The only way to "banish spooks forever" is to explain their birth and development. The men who did this were Karl Marx and Joseph Dietzgen. We now know that spooks will live just as long as do the economic conditions that breed them, and we smile at the self-appointed spook-banishers, the Don Quixotes of the Twentieth Century.

But the Socialist, who will keep in mind the relationship of Stirner to Hegel and Feuerbach on the one hand and to Marx and Dietzgen on the other, can derive much profit from a thoughtful perusal of "The Ego and His Own." In reading the Communist Manifesto we are too prone to attribute all the truths it contains to the mighty brains of Marx and Engels. It is impossible for anyone to read Stirner without seeing that many of these ideas, such as the class-character of the great French Revolution and the historic role of the bourgeoisie were common to Bruno Bauer, Stirner and the whole Young Hegelian school, and it is in accord with Marxism that this should be so.

The spook of Natural Rights, Rights of Man, &c., has more lives than a cat and keeps reappearing in one form or another. It has crept into the platforms of both our American Socialist parties. It is the product of handicraft industry-the period when a man's property was in fact the fruit of his own industry.
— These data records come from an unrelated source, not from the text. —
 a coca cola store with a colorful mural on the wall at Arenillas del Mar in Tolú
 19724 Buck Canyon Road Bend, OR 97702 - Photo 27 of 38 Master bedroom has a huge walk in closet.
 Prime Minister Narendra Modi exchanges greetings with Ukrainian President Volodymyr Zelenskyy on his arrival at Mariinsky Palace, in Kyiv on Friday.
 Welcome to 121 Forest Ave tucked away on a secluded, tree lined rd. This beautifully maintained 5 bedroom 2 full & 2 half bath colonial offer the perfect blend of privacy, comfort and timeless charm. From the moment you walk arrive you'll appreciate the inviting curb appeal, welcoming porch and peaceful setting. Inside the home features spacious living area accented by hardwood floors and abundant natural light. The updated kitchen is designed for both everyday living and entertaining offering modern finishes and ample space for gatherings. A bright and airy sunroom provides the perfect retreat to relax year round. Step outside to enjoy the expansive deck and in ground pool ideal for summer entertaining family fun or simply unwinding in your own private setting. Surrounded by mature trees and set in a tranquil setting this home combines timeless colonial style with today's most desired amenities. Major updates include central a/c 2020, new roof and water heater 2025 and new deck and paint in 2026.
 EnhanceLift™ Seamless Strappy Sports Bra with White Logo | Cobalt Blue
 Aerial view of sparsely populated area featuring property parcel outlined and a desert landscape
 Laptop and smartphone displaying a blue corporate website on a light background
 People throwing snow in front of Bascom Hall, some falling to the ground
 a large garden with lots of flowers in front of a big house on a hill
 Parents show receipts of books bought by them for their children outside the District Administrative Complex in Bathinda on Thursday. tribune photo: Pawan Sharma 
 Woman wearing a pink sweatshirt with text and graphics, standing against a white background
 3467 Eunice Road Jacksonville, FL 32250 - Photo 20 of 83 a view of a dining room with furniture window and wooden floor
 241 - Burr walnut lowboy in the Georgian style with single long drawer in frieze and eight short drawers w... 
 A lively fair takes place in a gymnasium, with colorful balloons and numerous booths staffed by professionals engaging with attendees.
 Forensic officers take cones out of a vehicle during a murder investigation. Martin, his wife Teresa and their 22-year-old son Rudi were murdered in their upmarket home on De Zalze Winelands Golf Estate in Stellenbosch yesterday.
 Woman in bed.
As a spook it is made to defend the system under which property is usually the fruit of the industry of the nonpossessors. As Marx put it, "Political economy confuses on principle two very different kinds of private property, of which one rests on the producers' own labor, the other on the employment of the labor of others. It forgets that the latter not only is the direct antithesis of the former, but absolutely grows on its tomb only.' Thus the dialectic movement of social development converts this spook, born to defend private property, into its subtlest enemy. But a spook, even though it comes to fight on our side, remains none the less a spook; and Right minus Might is a spook-the purest and most unsubstantial moonshine. To Stirner's everlasting credit, he mercilessly pricked this most beautiful bubble.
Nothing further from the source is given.